Я не нашел ясных подтверждений тому, что в 1950-е мотивационный эффект длительности сознательно закладывался во французский или в позднесоветский план. Хотя именно в это время вопрос мотивации к труду был помещен в центр управленческих дискуссий и новых социальных наук. Важнее, как новая институциональная этика катализировала коллективное и политическое утверждение культурной автономии. Обнадеженность игроков, избавленных от поиска новой работы каждые полгода-год, как и от непрерывной самооценки и презентации собственной эффективности, обеспечила им существенно большую свободу и самостоятельность в оценке общего блага, чем это делает любой прерывистый и прекарный ритм. По сути, автономистская этика культурных работников стала незапланированным результатом новой длительности Плана. И, как любая автономия, замерцала одновременно надеждой и головной болью для любых правительств.
Поскольку сборка подобной автономии «снизу» происходит в институциональных формах, отмеченных или даже напрямую рожденных государственным интересом, есть смысл уделить внимание тому, как возникает подобный интерес. Политически размещая общества по разные стороны «железного занавеса», он неожиданно связывает оба режима технологически — в том, как мыслится управление прогрессом.
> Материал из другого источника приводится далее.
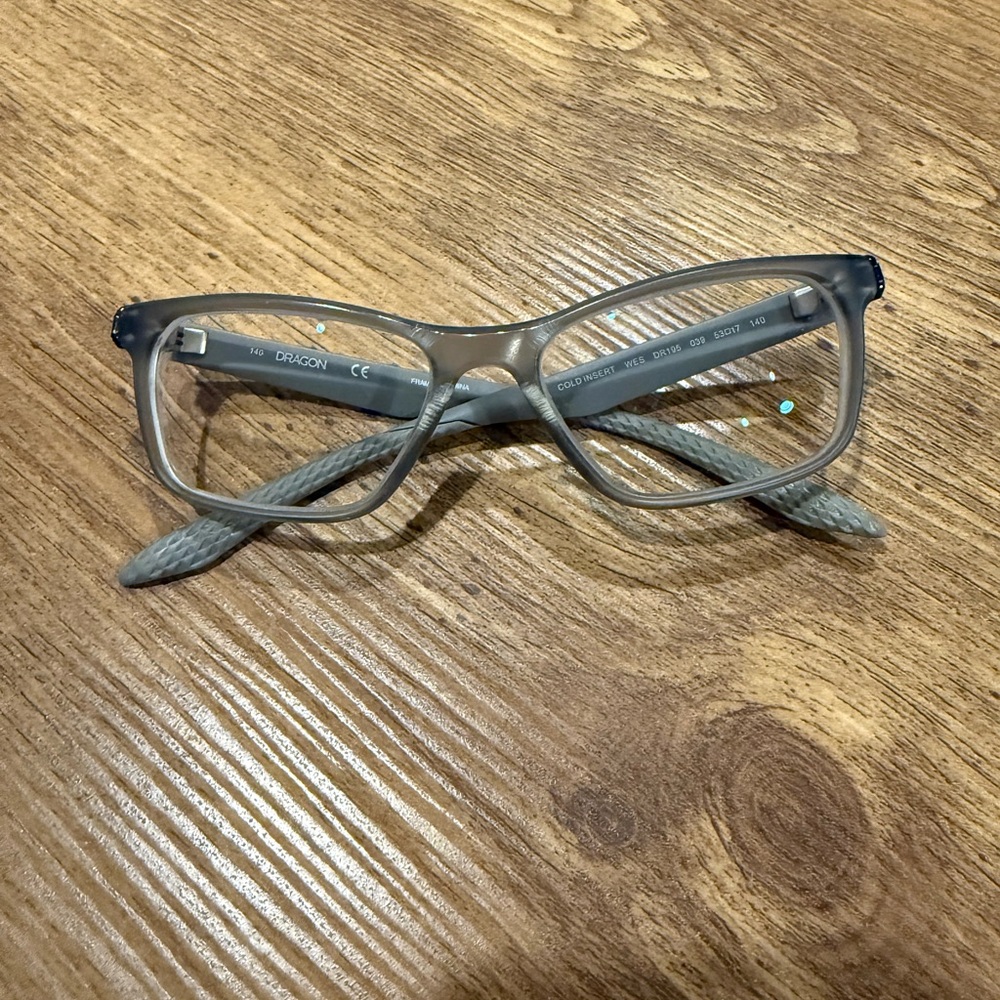 DRAGON COLD INSERT WES DR195 039 MATTE GRAY FRAMES ONLY EYEGLASSES 53-17-140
Я уже упомянул о международном характере управленческого словаря, который используется в 1950-е, одновременно с повсеместным интересом к технологиям планирования, таким, как модернизация образования и исследований, ориентированных на благосостояние, перенос знаний в производство, проектирование инфраструктуры досуга. В этом арсенале технологий, сосредоточенных на науке и технике, искусству не отведено специального места. Пока не отведено. Среди технологий Плана, которые больше других сближались с господствующими сегодня визуальными формами, можно назвать разве что учебные фильмы о росте производительности и управлении предприятиями. При всем желании их трудно отнести к арт-практике. Техническая гувернментализация искусства приходится на более поздние десятилетия, когда с 1980-х правительства осваивают рекламные и публичные кампании как новые инструменты управления. Но социальным и гуманитарным наукам, в пику расхожему стереотипу об их «ненужности», уже в 1950-е отведена совершенно особая роль в государственном планировании. Как в СССР, так и во Франции учреждение новых дисциплин, подобных социологии и социальной психологии, психотехнике и эргономике, и даже радикальное обновление философии оказываются не случайным хронологическим совпадением с правительственными реформами, а их неотменимой частью. Так, в программах экономической помощи послевоенной Европе, еще в самом начале 1950-х, создание эффективной индустриальной социологии и урбанистики фигурирует в списках технологий оживления экономики. Проблемы, с которых начинаются социальные исследования по разные стороны «железного занавеса», удивительно схожи: упомянутая мотивация труда, причины текучести кадров, изменение структуры городского населения, чуть позже — использование времени и практики досуга.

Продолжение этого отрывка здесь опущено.